The order of the Jesuits was founded in 1534 by Ignatius of Loyola. The Spanish Saint had a military background and conceived the order as a well-organized structure open to men who wanted to “serve as soldiers of God”. Their aim was “the defense and propagation of the faith”.
Their sacral buildings are usually very imposing, with overwhelming decorations, aiming to show the power of the Catholic Church.
In Venice the Jesuits wanted to show their connections with the Venetian government as well as with the Vatican. The construction was commissioned to the best architect (Domenico Rossi) and artists (Louis Dorigny, Giuseppe Torretti) of that time.
The interior is covered by an extraordinary variety of marbles, part of them are carved and inlaid (like the one by the altar that looks like a carpet). Black and white marble inlaid on the columns looks like fabric.
The altar has a baldacchino with barley-twist columns and concealed lighting.

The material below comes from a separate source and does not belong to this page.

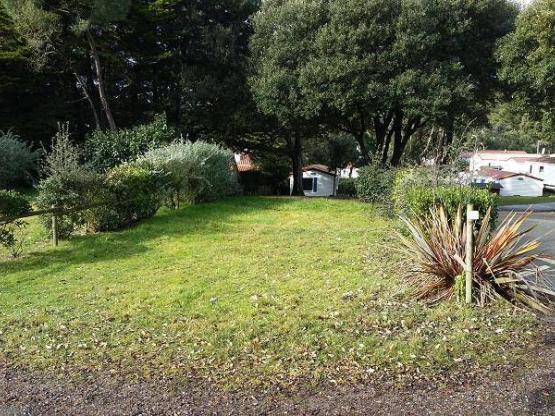 Stellplatz STANDARD (2 Personen im Preis enthalten)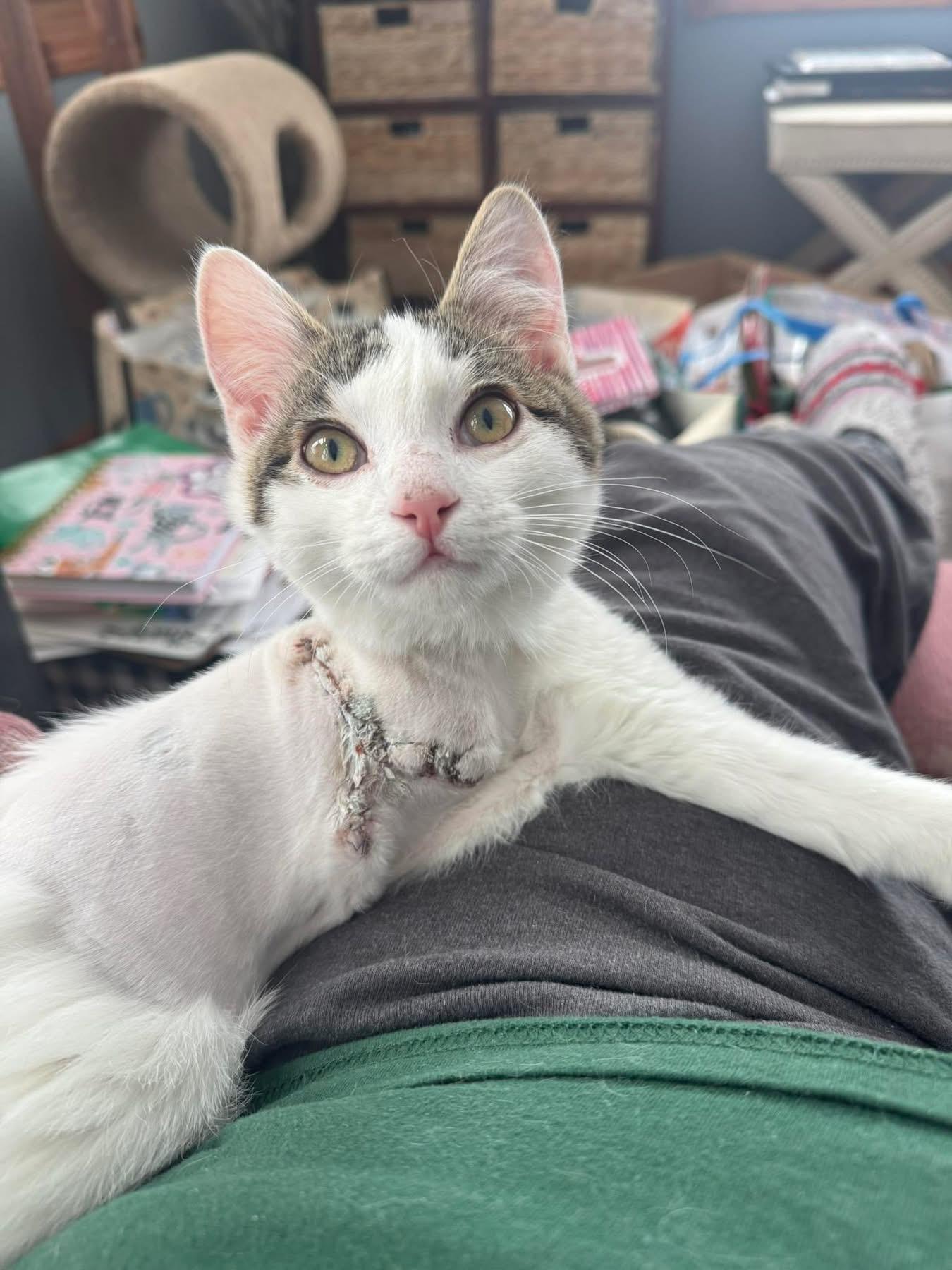 Pumpkin , a ADOPTABLE Domestic Short Hair in Ludington, MI image 5/5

The ceiling is covered with gilded plasterwork and frescoes.
Among the artworks in the Gesuiti church there is an Assumption of the Virgin Mary by Tintoretto and an extraordinary Martyrdom of St. Lawrence by Titian. The painting (1548-57), made in a late phase of Titian’s life, when the artist couldn’t see very well and used his hands to put colors on the canvas, is one of the most astonishing night scene, of European Renaissance Art.
The Gesuiti Church is not as famous as the Frari or San Zaccaria but it is one of those many hidden ‘jewels’ that make Venice so special at every step.
Text auf deutsch
Auf der Nordseite von Venedig, im Stadtteil Cannaregio, befindet sich die reich verzierte und gleichzeitig strenge Jesuitenkirche.
Der Orden der Jesuiten wurde 1534 von Ignatius von Loyola gegründet. Der spanische Heilige hatte einen militärischen Hintergrund und konzipierte den Orden als eine gut organisierte Struktur, die Männern offen stand, die “als Soldaten Gottes dienen” wollten.
Ihre sakralen Gebäude sind normalerweise sehr imposant, mit überwältigenden Verzierungen, um die Macht der katholischen Kirche zu demonstrieren.